What a fascinating combination of flavours, this sounds amazing!
I want to eat these all right now!
Ooh, they sound really nice!
I was totally behind you in giving these the chance… but then I saw the olives (which make me go running from a room) hehe… maybe without the olives though… :D
P.S. They turned out amazing and delicious…smeared with homemade spinach hummus and sliced olives. YUM!
Funny, as abhorred as you are by the raisins, I am abhorred by green olives! The bread does look really nice though.
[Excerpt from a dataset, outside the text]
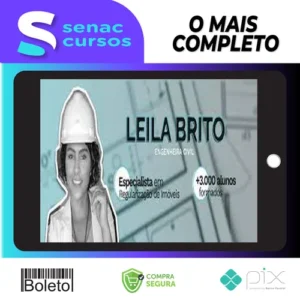 Mini Curso: Redes Sociais para Engenheiros - Leila Brito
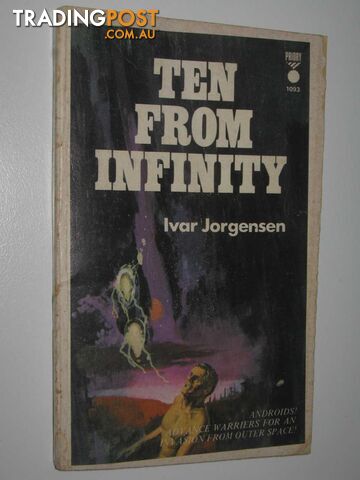 Ten from Infinity - Jorgensen Ivar - No date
Ramen used to be my lifesaver, as well – I hated any and all vegetables unless it was a french fry ;) However – I absolutely LOVE when sweet meets savory. That means I love dried fruits in savory dishes :P These crackers look to be a wonderful rendition of a combination of great flavors!
“stuck with me, like a wet leaf”! I love it! Come to think of it, lots of your recipes have done that to me, though I don’t often post comments. I have long appreciated your writing skills as well as your cooking skills. You do a great job of “selling” your recipes.
I forgot about these crisps! I saved the recipe so long ago and never made them. I looove that you added olives. I’m a bit wary of dried fruit in savoury dishes too but am starting to come around to the idea.
Ha! I used to be a cilantro hater, well into adulthood that was the one herb that I really couldn’t stand. But it changed, not sure how, and now I like it! So you never know. Nice to know how to make the crisps, I’ve been trying a few kinds from our coop, things like sliced almond and dried cherry ones (I’m fine with dried fruit in savory recipes).